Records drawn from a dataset
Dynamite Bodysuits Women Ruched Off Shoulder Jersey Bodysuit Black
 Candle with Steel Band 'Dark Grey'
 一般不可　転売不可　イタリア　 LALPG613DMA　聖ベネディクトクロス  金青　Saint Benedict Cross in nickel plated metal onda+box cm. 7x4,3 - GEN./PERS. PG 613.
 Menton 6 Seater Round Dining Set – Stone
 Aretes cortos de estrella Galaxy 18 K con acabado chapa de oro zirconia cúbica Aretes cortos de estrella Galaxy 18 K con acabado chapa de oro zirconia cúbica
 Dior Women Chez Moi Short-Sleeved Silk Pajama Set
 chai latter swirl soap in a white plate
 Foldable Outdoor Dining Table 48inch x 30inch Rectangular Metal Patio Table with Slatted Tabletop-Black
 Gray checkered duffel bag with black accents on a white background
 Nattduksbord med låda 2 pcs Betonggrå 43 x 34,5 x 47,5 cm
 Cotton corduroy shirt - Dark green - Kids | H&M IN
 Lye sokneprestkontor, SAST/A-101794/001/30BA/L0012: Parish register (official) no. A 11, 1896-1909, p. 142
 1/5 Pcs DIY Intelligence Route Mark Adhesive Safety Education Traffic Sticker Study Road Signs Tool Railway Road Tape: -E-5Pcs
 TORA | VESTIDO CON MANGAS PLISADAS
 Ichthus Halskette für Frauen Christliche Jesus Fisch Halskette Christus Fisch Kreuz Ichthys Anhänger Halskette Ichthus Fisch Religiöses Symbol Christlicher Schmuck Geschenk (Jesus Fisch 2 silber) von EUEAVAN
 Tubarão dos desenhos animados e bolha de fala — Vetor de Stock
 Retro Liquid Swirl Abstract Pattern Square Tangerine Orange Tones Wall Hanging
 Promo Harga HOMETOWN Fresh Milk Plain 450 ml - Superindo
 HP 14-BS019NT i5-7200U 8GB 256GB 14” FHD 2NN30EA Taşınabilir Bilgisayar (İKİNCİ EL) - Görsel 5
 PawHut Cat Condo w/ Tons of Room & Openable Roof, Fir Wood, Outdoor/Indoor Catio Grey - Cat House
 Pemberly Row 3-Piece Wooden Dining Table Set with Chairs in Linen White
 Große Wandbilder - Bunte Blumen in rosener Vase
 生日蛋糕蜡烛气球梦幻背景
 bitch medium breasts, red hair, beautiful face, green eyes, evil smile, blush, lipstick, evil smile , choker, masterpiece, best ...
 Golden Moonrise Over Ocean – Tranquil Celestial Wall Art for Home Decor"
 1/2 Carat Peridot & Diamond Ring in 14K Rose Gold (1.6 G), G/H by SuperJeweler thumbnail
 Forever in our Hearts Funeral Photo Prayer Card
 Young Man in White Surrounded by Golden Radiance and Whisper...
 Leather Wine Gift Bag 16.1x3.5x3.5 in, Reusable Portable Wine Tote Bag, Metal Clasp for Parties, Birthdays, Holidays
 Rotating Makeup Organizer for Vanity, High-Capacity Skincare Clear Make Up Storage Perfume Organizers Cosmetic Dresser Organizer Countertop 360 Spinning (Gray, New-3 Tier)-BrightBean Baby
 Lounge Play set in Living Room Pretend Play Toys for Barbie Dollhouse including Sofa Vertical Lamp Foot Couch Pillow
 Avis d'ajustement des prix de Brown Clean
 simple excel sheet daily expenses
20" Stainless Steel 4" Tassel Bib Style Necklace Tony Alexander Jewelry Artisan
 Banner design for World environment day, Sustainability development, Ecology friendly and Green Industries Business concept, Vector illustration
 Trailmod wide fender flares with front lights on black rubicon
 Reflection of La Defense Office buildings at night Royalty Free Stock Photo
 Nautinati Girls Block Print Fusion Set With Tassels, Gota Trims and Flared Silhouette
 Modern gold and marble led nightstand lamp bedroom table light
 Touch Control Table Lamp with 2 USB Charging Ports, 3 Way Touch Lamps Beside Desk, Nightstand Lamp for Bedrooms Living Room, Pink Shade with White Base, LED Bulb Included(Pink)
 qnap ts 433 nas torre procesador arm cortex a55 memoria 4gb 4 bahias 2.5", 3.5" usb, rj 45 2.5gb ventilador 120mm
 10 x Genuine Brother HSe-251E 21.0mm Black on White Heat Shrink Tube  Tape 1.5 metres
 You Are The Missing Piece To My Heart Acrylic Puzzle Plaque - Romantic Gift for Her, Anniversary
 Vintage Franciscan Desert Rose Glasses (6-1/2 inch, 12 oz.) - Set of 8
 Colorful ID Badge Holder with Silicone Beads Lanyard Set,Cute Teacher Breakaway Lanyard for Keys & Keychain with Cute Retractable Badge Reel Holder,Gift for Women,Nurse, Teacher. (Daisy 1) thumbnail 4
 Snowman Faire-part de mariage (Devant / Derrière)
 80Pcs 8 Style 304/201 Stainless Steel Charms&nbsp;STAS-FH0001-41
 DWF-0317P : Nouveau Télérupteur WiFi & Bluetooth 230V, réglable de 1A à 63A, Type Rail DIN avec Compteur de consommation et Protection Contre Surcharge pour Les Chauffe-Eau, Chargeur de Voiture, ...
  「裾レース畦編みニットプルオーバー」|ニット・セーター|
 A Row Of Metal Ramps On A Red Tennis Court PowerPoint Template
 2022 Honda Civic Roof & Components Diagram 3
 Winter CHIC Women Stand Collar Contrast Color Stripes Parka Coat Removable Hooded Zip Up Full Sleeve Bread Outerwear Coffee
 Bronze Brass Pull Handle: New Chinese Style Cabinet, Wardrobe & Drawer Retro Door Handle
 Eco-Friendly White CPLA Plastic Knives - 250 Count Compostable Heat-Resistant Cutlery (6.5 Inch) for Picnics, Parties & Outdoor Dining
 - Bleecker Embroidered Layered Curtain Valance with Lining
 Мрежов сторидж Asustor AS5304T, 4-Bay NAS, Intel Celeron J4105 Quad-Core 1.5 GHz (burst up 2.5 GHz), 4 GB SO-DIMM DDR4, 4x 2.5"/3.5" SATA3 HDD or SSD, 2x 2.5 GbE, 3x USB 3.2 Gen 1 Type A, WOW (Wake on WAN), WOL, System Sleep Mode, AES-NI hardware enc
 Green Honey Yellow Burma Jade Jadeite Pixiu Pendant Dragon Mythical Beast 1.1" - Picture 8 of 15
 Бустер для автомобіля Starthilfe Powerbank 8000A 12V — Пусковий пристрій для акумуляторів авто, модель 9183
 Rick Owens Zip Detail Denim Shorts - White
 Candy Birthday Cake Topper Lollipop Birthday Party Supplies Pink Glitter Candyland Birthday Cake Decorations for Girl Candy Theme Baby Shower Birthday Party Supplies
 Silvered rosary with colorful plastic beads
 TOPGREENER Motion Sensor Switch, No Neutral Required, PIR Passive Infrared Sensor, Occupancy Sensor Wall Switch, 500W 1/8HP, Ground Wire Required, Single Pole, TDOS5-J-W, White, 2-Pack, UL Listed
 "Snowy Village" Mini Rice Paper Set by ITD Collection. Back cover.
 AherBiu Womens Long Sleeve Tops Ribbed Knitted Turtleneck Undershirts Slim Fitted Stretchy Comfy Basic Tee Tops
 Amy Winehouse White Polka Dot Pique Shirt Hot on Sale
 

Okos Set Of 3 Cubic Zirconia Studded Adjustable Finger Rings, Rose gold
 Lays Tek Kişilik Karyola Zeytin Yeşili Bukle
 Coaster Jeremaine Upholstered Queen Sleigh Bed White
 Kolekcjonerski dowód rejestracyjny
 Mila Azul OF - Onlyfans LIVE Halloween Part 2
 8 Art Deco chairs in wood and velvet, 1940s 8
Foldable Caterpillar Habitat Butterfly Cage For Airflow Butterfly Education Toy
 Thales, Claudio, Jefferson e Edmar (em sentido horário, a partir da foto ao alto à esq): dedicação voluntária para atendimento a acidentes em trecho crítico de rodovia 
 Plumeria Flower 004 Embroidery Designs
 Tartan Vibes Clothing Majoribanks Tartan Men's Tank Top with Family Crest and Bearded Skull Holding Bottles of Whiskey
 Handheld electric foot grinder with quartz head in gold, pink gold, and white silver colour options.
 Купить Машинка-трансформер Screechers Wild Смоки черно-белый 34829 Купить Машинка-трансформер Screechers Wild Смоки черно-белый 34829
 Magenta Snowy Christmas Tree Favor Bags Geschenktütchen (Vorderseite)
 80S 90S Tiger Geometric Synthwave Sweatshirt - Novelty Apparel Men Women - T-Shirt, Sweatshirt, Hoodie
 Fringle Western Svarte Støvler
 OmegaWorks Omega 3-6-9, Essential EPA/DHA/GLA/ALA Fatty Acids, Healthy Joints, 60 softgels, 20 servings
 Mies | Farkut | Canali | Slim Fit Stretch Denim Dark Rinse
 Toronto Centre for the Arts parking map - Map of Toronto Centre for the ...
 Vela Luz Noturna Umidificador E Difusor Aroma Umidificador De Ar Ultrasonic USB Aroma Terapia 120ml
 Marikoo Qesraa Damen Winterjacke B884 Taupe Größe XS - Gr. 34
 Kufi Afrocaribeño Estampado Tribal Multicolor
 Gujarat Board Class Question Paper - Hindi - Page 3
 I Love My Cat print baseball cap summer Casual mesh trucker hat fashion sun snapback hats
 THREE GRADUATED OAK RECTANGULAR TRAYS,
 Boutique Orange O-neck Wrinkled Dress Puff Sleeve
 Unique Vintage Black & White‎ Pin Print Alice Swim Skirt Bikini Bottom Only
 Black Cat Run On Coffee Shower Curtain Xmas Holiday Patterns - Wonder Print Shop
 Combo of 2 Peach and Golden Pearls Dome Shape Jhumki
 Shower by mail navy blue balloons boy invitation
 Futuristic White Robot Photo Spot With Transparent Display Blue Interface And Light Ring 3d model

* _What is expected_:
Print the lines above from the one with "Golden Moonrise Over" through the one with "Alexander Jewelry Artisan", both included, exactly as written and nothing more.

* _Solution to this problem_:
 Golden Moonrise Over Ocean – Tranquil Celestial Wall Art for Home Decor"
 1/2 Carat Peridot & Diamond Ring in 14K Rose Gold (1.6 G), G/H by SuperJeweler thumbnail
 Forever in our Hearts Funeral Photo Prayer Card
 Young Man in White Surrounded by Golden Radiance and Whisper...
 Leather Wine Gift Bag 16.1x3.5x3.5 in, Reusable Portable Wine Tote Bag, Metal Clasp for Parties, Birthdays, Holidays
 Rotating Makeup Organizer for Vanity, High-Capacity Skincare Clear Make Up Storage Perfume Organizers Cosmetic Dresser Organizer Countertop 360 Spinning (Gray, New-3 Tier)-BrightBean Baby
 Lounge Play set in Living Room Pretend Play Toys for Barbie Dollhouse including Sofa Vertical Lamp Foot Couch Pillow
 Avis d'ajustement des prix de Brown Clean
 simple excel sheet daily expenses
20" Stainless Steel 4" Tassel Bib Style Necklace Tony Alexander Jewelry Artisan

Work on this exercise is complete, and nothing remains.